Thursday, February 7, 2019

From us to you God

In Anselm’s Proslogion, we notice his eagerness to see God. It is not because of a lack of faith that he wants to see God so as to prove that he exists. According to Hugh of Saint Victor, “faith believes what it does not see”. God cannot be entirely known to humans, though not entirely concealed either, and this is what makes faith beautiful, what makes faith what it is. Anselm’s longing is rooted in his deep faith that God does exist, and that He is the most beautiful and powerful. His prayer for God to be visible is a wish for a deeper intimacy with God, for God’s Revelation, for a deeper knowledge of God. On the other hand, it shows how difficult to see God, to perceive the wholeness of Him. God is immense, eternal, immutable, way beyond human perception and comprehension. Though we can see God through the incarnation of Jesus, how can we see God the Father who begets him, God the Holy Spirit who dwells in Him, and God as the all together Trinity when the incarnation does not take place in our age? How can we see Him who is an invisible spirit? 

Hugh gives the answer--we see God through our heart and divine revelation. We can not say for sure that the divine revelation would come to everyone. However, we all have a human heart, or more precisely, a human mind, through which we all could have knowledge of Him. Even though we cannot see Him as visible beings, His beauty, wisdom, power, and love exists in the visible world that He creates. And we human beings are his precious works in this world, made from the His image. 

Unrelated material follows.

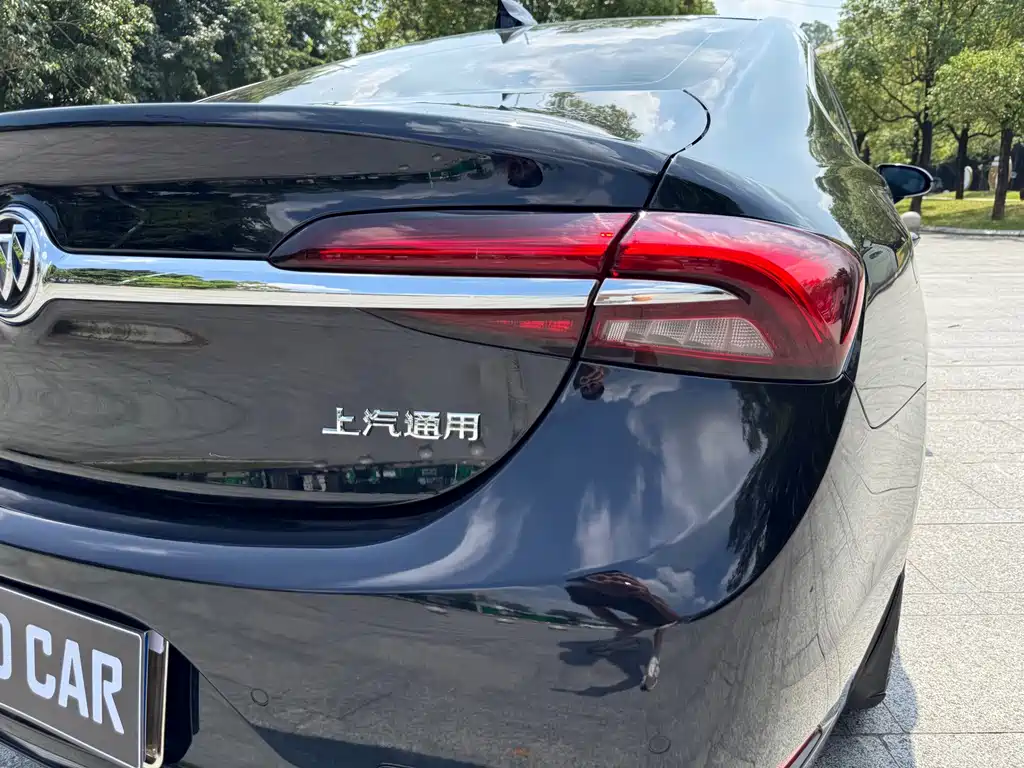 Buick LaCrosse — миниатюра 23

Then what do we see in us that can help us to know God? First of all, we cannot see our mind, but we know that it exists because it gives the knowledge of my own existence. Our mind is a mirror of our creator, who is similarly invisible yet existing. Secondly, through the nature of our mind, we understand who God is, and how He is One God in Three Persons. Hugh points out that from our mind comes wisdom of the mind, and from wisdom comes to love--love of wisdom and the mind. Mind, wisdom, and love in us are created after the image of God, who is God the Father, God the Son Jesus and God the Spirit. Similarly, God the Father, with his creative ideas, begot God the Son, through whom makes this world incarnate as supreme beauty, and Father and Son begot the Holy Spirit, the love of the former two. Trinity is Oneness of the Three Persons like I am the whole body with my mind, wisdom, and love. Trinity is the perfect self-love of God, which makes the Three Persons a perfect unity.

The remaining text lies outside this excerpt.